Following that success, Lorenzo has returned with a second photobook. Published by SPBH editions, Money Must Be Made tells the story of three years that Lorenzo spent in Lagos, Nigeria, at Balogun Market. Thousands of miles from Ridley Road, Lorenzo discovered a multi-coloured, hyper-patterned tale of gentrification “in reverse”.
“I arrived in Lagos thanks to an invitation to take up a residency at the African Artists Foundation,” Lorenzo tells It’s Nice That. “At the beginning, I thought of observing a Chinese enclave located in the outskirts of Lagos as I was interested in the theme of Chinese products taking over Nigerian economy. But then, by chance, I discovered in the center of Lagos Island, one of the oldest parts of the city, the story of the Financial Trust House and how the Balogun Market came to be. It was through this story, which I took as a starting point, that parallels between the themes raised in Dalston Anatomy started to emerge.”
Balogun Market clings to 27-story building, the Financial Trust House. While it once played home to banks and western corporations, Financial Trust House now lives unoccupied. “Wheres in Dalston the local market was threatened by the arrival of corporate companies and new wealthier individuals, in this particular area of Lagos Island, the street market actually took over the financial activity of the area, which found its epicentre in a building located in the same area: Financial Trust House,” Lorenzo explains. “Apart from discovering this story quite accidentally, it is central to my practice a focus on transforming urban environments and the observation of these processed of transformation through the movement of objects and people.”
Money Must Be Made is something an unofficial Lagos motto, encapsulating the entrepreneurial spirit of the nation. “I had the opportunity to talk with many local people while in Balogun, not only while taking photographs and collecting materials but also when I returned to show the work I had made and asked people what they thought of it,” Lorenzo says. “In conversations I had with street market workers, they explained how people came to Balogun from the countryside in the hope to ‘make’ their own business and success. While Mr Alexander, the owner of the Financial Trust House, expressed his resentment towards these changes in the areas, that actually started happening since the 1990s, and on the impossibility of renting spaces within his building because the biggest source of work is now provided by the street market.
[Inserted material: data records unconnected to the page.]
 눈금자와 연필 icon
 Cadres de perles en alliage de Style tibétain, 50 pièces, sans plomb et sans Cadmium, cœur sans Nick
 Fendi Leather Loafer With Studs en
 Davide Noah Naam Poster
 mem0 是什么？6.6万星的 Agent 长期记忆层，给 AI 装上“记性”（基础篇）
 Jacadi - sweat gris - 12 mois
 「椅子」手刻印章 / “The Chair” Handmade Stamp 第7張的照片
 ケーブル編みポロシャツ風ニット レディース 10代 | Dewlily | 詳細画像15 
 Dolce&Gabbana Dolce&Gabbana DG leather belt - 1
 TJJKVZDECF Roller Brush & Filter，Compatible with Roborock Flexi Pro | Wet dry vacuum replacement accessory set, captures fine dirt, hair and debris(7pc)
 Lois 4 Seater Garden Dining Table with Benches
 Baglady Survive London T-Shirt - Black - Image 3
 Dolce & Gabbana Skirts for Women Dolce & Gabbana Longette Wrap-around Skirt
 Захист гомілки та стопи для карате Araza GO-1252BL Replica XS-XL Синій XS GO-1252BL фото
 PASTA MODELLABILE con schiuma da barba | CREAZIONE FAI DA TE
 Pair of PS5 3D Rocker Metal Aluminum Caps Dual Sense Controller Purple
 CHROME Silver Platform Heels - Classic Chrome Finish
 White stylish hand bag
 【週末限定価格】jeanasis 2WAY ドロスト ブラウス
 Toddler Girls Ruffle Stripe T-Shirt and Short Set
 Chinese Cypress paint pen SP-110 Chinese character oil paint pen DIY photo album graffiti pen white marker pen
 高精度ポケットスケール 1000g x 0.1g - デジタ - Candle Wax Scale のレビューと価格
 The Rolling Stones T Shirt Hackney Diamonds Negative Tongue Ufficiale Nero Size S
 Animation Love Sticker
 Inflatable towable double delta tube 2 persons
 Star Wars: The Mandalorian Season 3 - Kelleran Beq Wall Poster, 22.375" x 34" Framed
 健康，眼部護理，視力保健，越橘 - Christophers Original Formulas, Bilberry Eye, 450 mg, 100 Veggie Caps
One of the most remarkable sights is in fact the empty space inside the building, where debris and materials that belonged to previous office activities are not covered in Sahara sand. Outside, the contrast between people and objects and how these last ones are taking over the space entirely became striking. The objects, arranged vertically were inundating the whole area and almost taking over the space of people themselves.”